Note: Information provided in PDF files.
Hospital Assessment Amendment 2015
Friday March 13, 2015
A.R.S. § 36-2901.08 authorizes the Administration to establish, administer and collect an assessment on hospital revenues,
discharges or bed days for funding a portion of the nonfederal share of the costs incurred beginning January 1, 2014, associated
with eligible persons added to the program by A.R.S. §§ 36-2901.01 and 36-2901.07. It is the agency’s objective to assess only so
much as is necessary to meet the estimated costs associated with the projected populations referenced in the statute. As such, it
is necessary for the Administration to adjust the assessment from time to time as the Administration obtains new information to
update estimations of the number of eligible persons and projections of the costs anticipated to provide coverage for those persons.

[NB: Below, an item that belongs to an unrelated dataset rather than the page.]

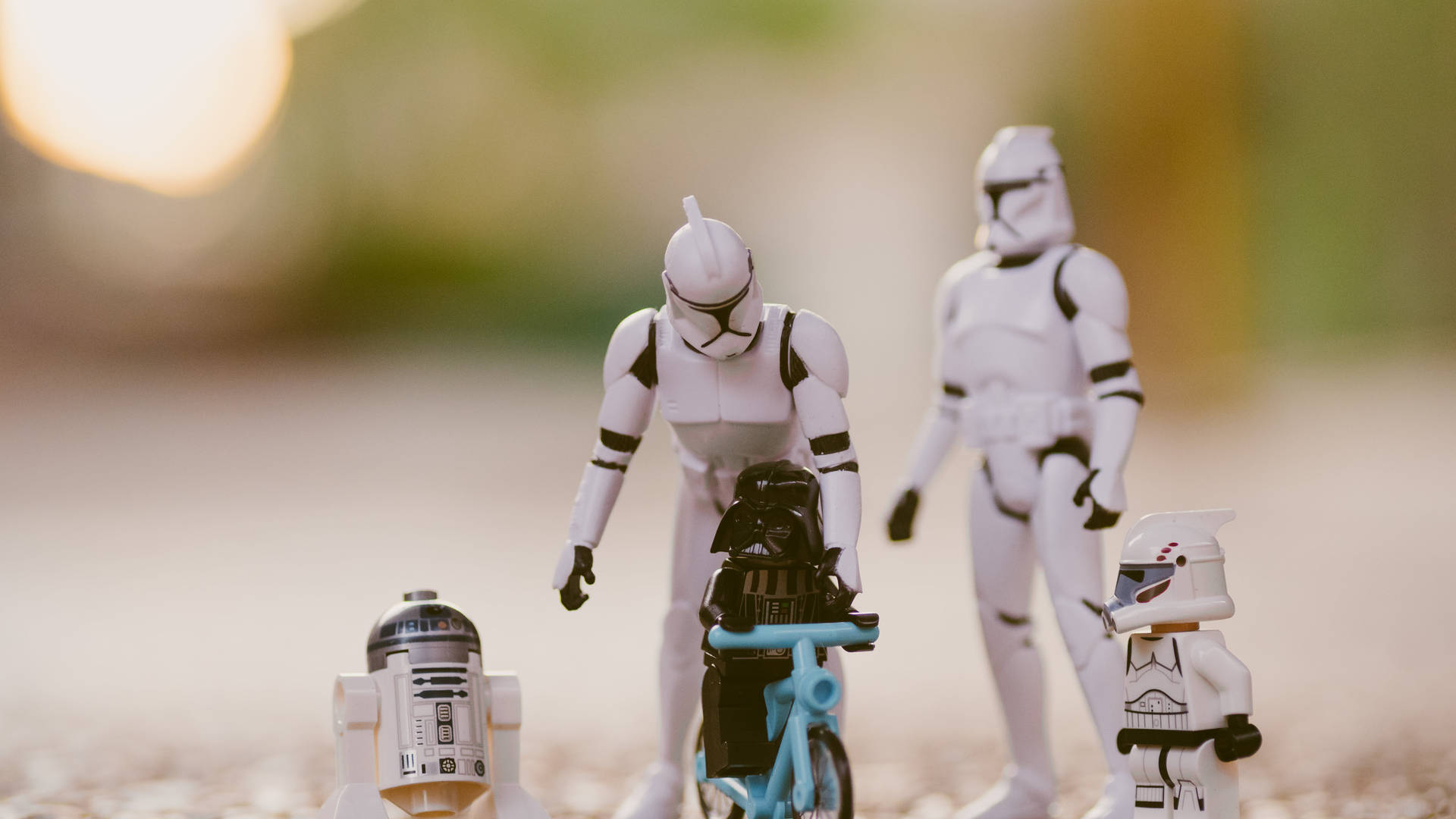 星際大戰玩具人偶，達斯維達騎單車，被暴風兵和R2-D2包圍。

The Administration is proposing a new rule to update the figures to be used as of April 1, 2015 for collecting the assessment on hospitals.

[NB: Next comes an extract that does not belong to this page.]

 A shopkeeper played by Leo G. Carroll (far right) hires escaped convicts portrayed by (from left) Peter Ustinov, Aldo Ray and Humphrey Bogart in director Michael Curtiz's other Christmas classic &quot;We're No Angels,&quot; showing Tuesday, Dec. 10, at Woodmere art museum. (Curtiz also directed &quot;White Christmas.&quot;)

Incontinence Brief Coverage
Thursday March 12, 2015
This rulemaking is required as a result of the May 2014 Ninth Circuit Court of Appeals Decision
in Alvarez et al v Betlach. Litigation challenging AHCCCS coverage of incontinence briefs for
members in the ALTCS Program was filed in federal court in 2009 by the Arizona Center for
Disability Law. The lawsuit sought to compel AHCCCS to provide incontinence briefs and supplies to
members in the Arizona Long Term Care Program who were age 21 years and older and who were incontinent
as a result of their disabilities in order to prevent skin breakdown. The current rule applicable to
this population limits coverage of incontinence briefs for members age 21 and older to circumstances
when medically necessary to treat a medical condition, such as an infection, but not for preventive
purposes. The Ninth Circuit Court of Appeals determined that AHCCCS is required to provide coverage of
incontinence briefs prescribed for members in the Arizona Long Term Care Program who are 21 years of
age and older when medically necessary to prevent skin breakdown and infection.

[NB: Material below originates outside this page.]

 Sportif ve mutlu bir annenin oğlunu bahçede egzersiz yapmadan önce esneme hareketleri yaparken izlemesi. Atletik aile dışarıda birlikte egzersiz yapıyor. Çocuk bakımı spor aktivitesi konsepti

BH Inpatient Payment Responsibility
Comment Period Closed
Friday November 11, 2014
The Administration is proposing a rulemaking to clarify an issue that has been identified
through the administrative hearing process regarding contractor responsibility for covering
inpatient hospital services when both medical and behavioral health services are provided
during the same hospital stay. The proposed rule will clarify the reimbursement methodology.
The Administration is proposing to clarify through rule, its existing policy that the RBHA is
responsible for all inpatient hospital services if the principle diagnosis on the hospital
claim is a behavioral health diagnosis. Those claims will be paid in accordance with a per
diem fee schedule developed by ADHS and approved by AHCCCS. Hospital claims that do not have a
behavioral health diagnosis as the principle diagnosis will be paid by the acute care contractor
using the DRG payment methodology. This proposed amendment will benefit hospitals by clarifying
to whom claims should be submitted and the amount of reimbursement that the hospital can expect.
The Administration intends to initiate and implement this clarification as soon as possible to
reduce billing disputes between hospitals and health plans and to reduce unnecessary
administrative hearings arising from those disputes.